Created on: January 06, 2009   Last Updated: January 08, 2009

Michigan is known for cold snowy weather in the winter and this particular instance was no exception. We'd just had a blizzard and my son and his dad had their picture taken in the front yard playing in a snowball fight. Roads were plowed finally and sidewalks cleared, but it took days. We were fortunate to live in town, even though we seemed to be like everyone in the rural areas and were snowed in.

My son was six years old and quite mischievous. He could think of all kinds of antics to get attention. Cabin fever and being snowed in would not stop him. He wanted to get out into the weather like any boy. Snow was an opportunity!

While the rest of us were cozy inside staying warm, and out of trouble I might add, my son decided to go visiting. First, however, he prepared himself for his foray into the cold. He took with him, without my knowing it, a paper grocery bag. I only heard the story later when my father-in-law told it to me.

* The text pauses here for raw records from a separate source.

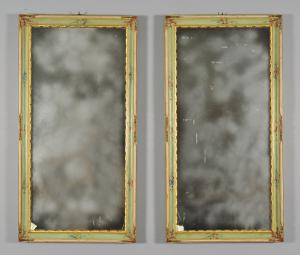 Due di quattro specchiere in legno intagliato e laccato, Venezia secolo XVIII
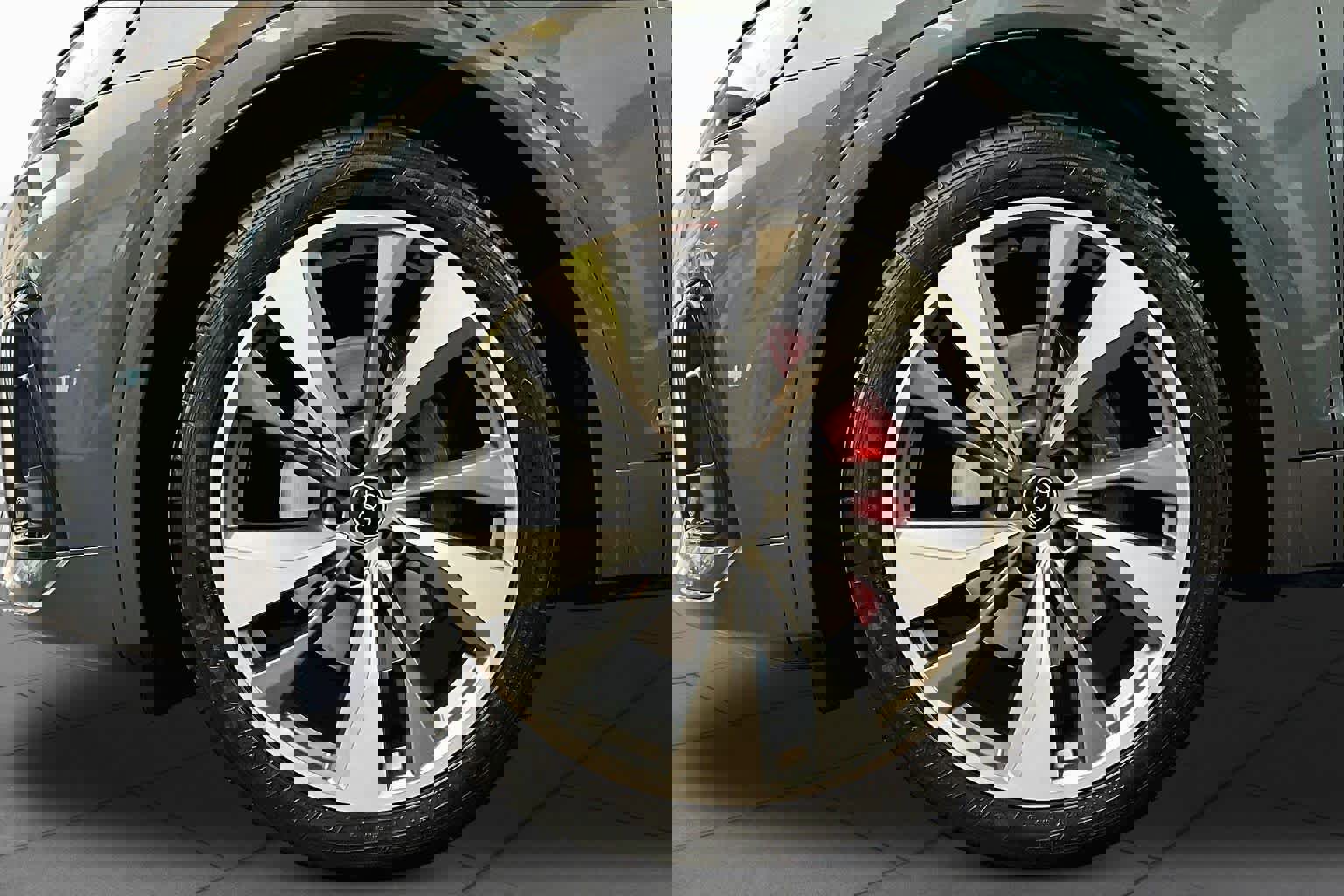 Certified 2024 Audi SQ5 Premium Plus w/ S Sport Package image 10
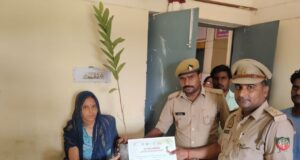 पौधे वितरित कर वन महोत्सव मनाया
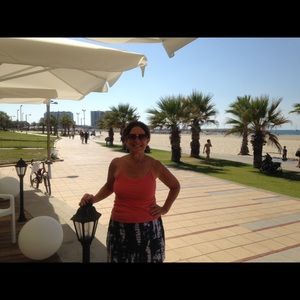 Meet your Posher, Ronit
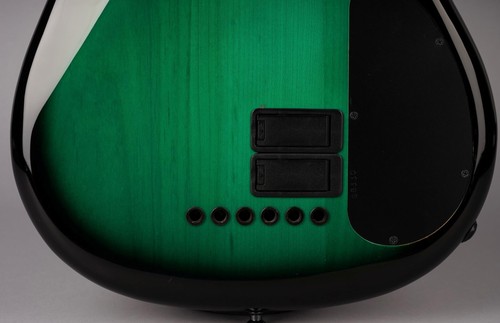 Carvin LB76P 6-String Bass - Left Handed - Flame Maple Top w/OHSC - Picture 12 of 19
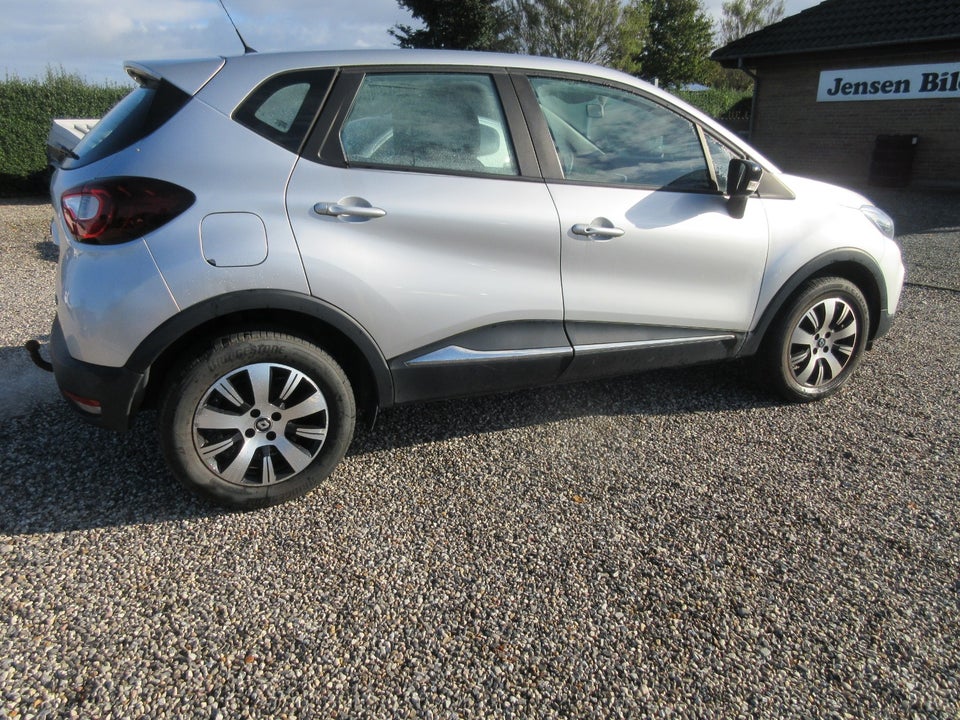 Renault Captur 1,2 TCe 120 Expression 5d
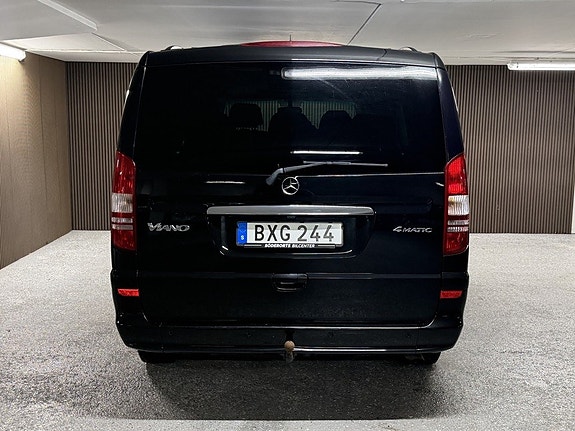 Mercedes-Benz Viano 4 of 25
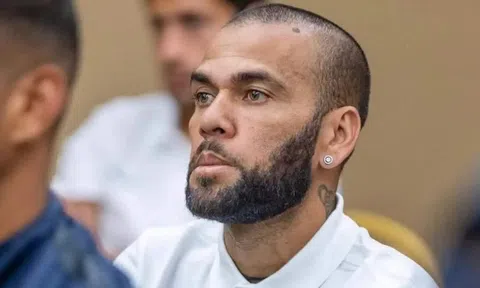 Cha của Neymar bác bỏ việc đóng tiền bảo lãnh cho Dani Alves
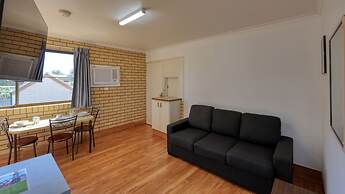 Bryants Motel Roma
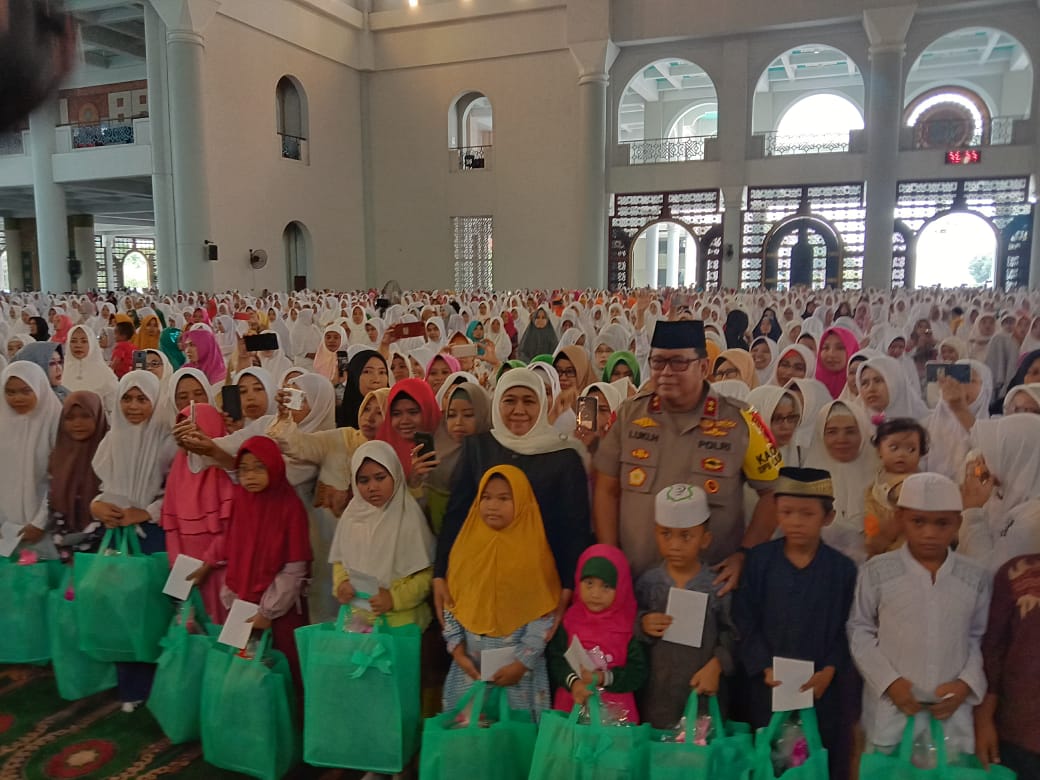 Kapolda Jatim Irjen Pol Luki Hermawan saat foto bersama dengan tunjangan kepada 4000 Huffadz di Masjid Al-Akbar, Surabaya, Senin 23 Desember 2019. (Foto: Faiq/ngopibareng.id)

The clever little six-year-old took his paper grocery bag and filled it with snowballs. Then, with the spirit of an entrepreneur, he traveled throughout the neighborhood, selling them. Talk about the person who could sell refrigerators to Eskimos. He actually sold one to his grandpa who lived down the block. He also sold one to the banker two houses away who obviously knew a good business investment when he saw one.

So with our family harboring a snowball entrepreneur, we muddled through the rest of the winter. We may have on occasion gotten snowed in again, but had no blizzards of that magnitude for the rest of the season. Dad and son still played out in the wet, however, and come spring, we welcomed the warmth and the thaw.

Then one spring day, my son, now approaching his seventh birthday, came running home to tell me he'd had an experience all the kids in the neighborhood were jealous of. It seems the banker truly did know an investment when he saw it. He'd saved the snowball, safely tucked away in his freezer, for a special occasion.

Watching the snowball-selling boy playing in the yard of a neighbor, he called him to the porch and asked him to wait there. Dutifully, my son stood on the sidewalk and waited to see what Mr. Humphreys wanted. Moments later, the banker appeared with a snowball in his hand and gave it to the wide-eyed child.

Well, what does a wide-eyed child do with a snowball in April? He drops it on the sidewalk and watches it go "splat!"

The chance to toss a snowball in April in Michigan isn't necessarily something that would never happen, as anyone from here will tell you. But that day, a banker gave a six-year-old boy a new reason to love days when everyone is snowed in at home to buy from a traveling snowball salesman.